This time the results were even more pronounced! RAW and UFS were once again unchanged, but the space used by the ZFS LUN increased by over 80GB up to 177GB.

A subsequent run of the same test pushed this even high, using another 72GB of space for a total space in use of 249GB - all to store 50GB of data!

But Why?

Why is ZFS using 250GB of space to store only 50GB of data? The simple answer is that it's not - it's only currently using around 50GB of that space - but it has failed to tell the array that it's done with the remaining 200GB.

ZFS is, much like XtremIO, a “Write Anywhere” data layout (with a log-structured-style layer added on top called the ZIL, short for ZFS Intent Log). When you overwrite a block on data at the filesystem level, the new block doesn’t doesn’t get written in the same place as the old block, but instead gets written into free space somewhere else, metadata gets updated, and then in time the old block may be deleted or reused.

This results in exactly what we've seen above - significantly more space being used at the storage level than at the host as ZFS in effect ends up keeping multiple (outdated/unusable) versions of each block of data and only overwriting them at a much later stage.
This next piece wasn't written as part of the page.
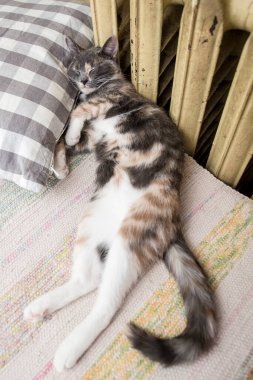Çekici tatlı kedi başını yumuşak yastıkların üzerinde sıcak radyatörün yanında dinlenerek uyur..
There are also a number of flow-on effects on array-level data reduction technologies like deduplication and compression due to the inability of the array to clear unique data that is no longer required.

This model works perfectly in the type of array that ZFS was designed for - a JBOD of spinning disks, where those disks are completely owned and managed by ZFS. ZFS is tracking which space is used and which is not, and when it needs to it'll come back and re-use it. It fails miserably in today's world of flash-based storage and intelligent, thin-provisioning storage arrays.

UNMAP to the Rescue

The good news is that there exists a mechanism for ZFS to notify the array that it no longer requires the space that it has "overwritten", and thus allow the array to reclaim that space - the SCSI UNMAP command (sometimes referred to as TRIM).

By sending UNMAP/TRIM commands, ZFS can notify the array that a particular block of storage is no longer required, which on most arrays will trigger the array to re-thin-provision that block of storage, freeing the space it was using.

Unfortunately that's where the good news ends. Solaris/ZFS added support for UNMAP in the Solaris 11.1 release, however their implementation was so horribly broken that they recommended disabling it in the release notes for the very same version! In a release soon after they disabled it by default, and despite it now being almost 4 years and 2 Solaris release later, they still do not recommend ever turning it on.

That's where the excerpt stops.